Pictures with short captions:
--------------------------------------------------

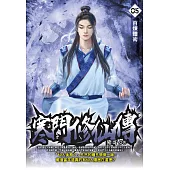 寒門修仙傳05：百煉體術 (電子書)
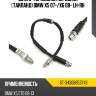 Шланг тормозной передний таиланд bmw x5 07- sat st-34306853743
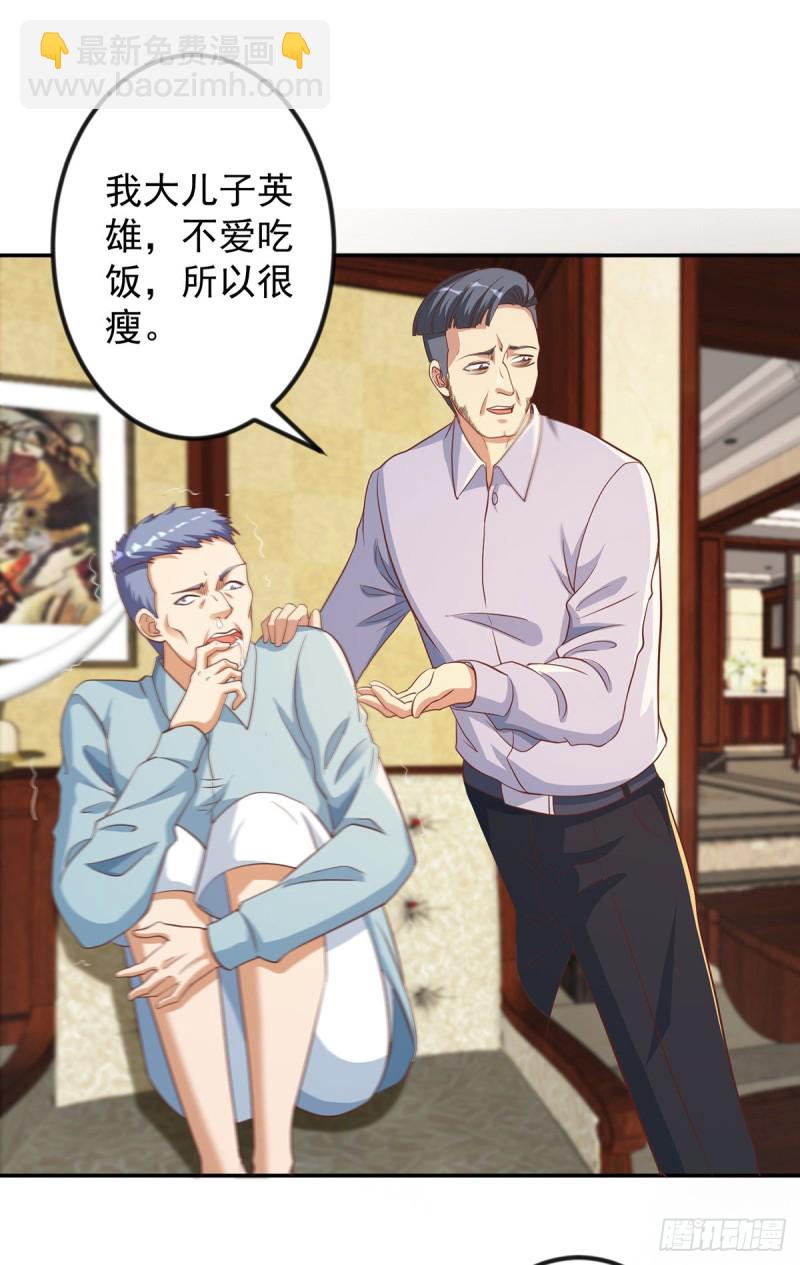 🍚修仙归来在校园 第221话 气愤的真相 第7页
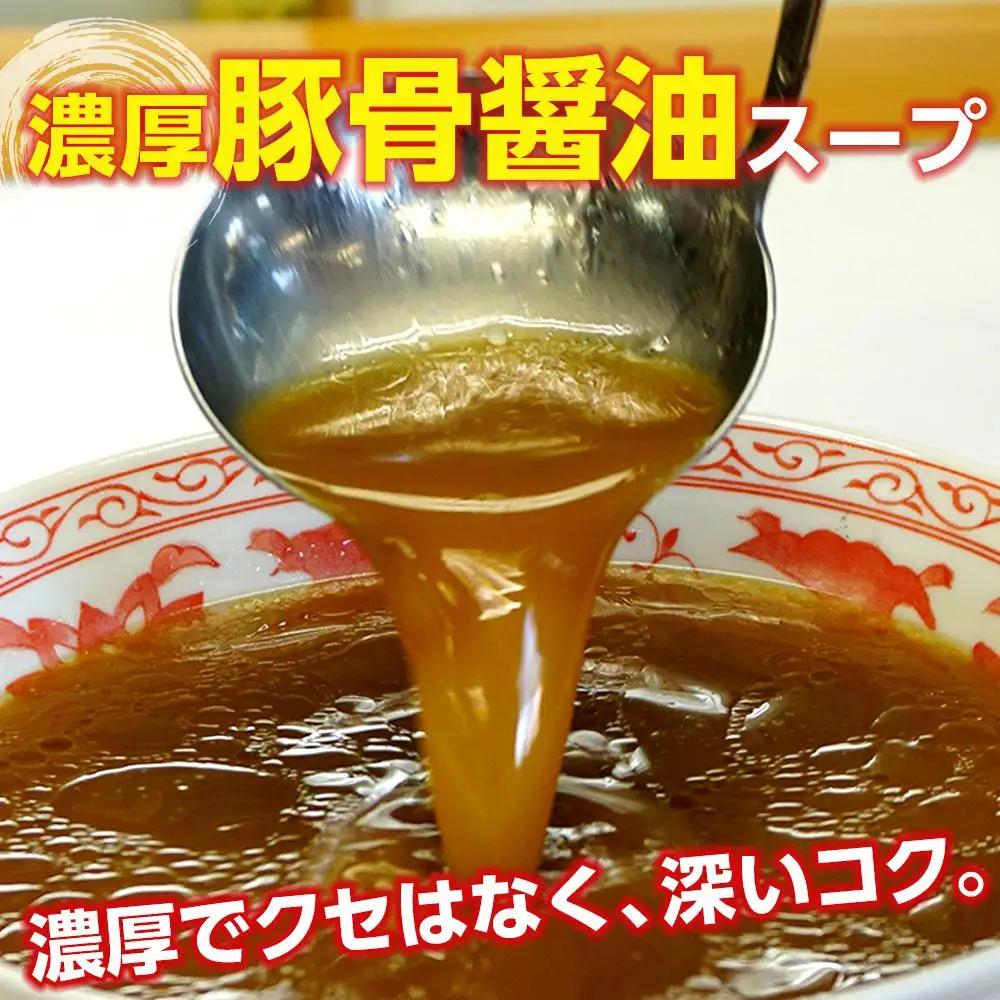 和歌山ラーメン 10食 濃厚 豚骨醤油 スープ付｜ラーメン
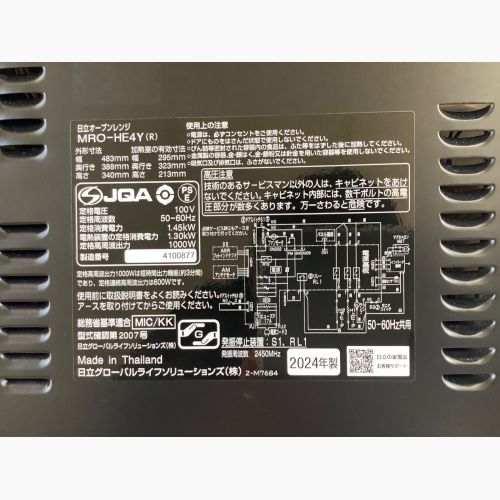 HITACHI (ヒタチ) オーブンレンジ MRO-HE4Y 2024年製 1000W 庫内フラット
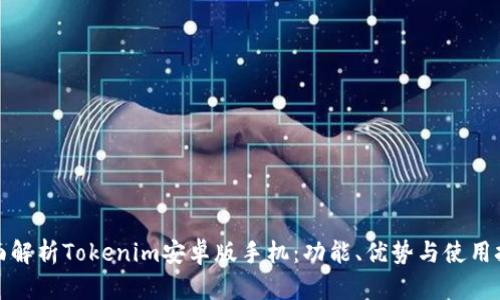 全面解析Tokenim安卓版手机：功能、优势与使用技巧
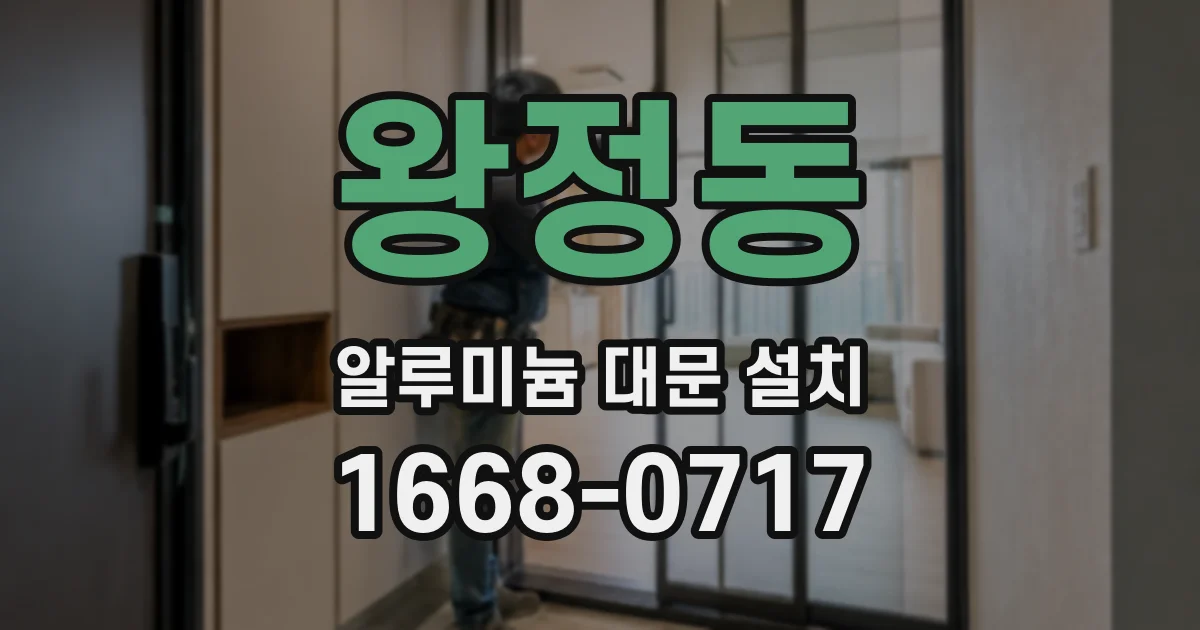 왕정동 알루미늄 대문 설치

--------------------------------------------------

● Task to carry out: Reproduce exactly, and only, the lines from the one holding "第221话 气愤的真相 第7页" through the final line of the entries. Do not include the pictures.

● Worked solution:
 🍚修仙归来在校园 第221话 气愤的真相 第7页
 和歌山ラーメン 10食 濃厚 豚骨醤油 スープ付｜ラーメン
 HITACHI (ヒタチ) オーブンレンジ MRO-HE4Y 2024年製 1000W 庫内フラット
 全面解析Tokenim安卓版手机：功能、优势与使用技巧
 왕정동 알루미늄 대문 설치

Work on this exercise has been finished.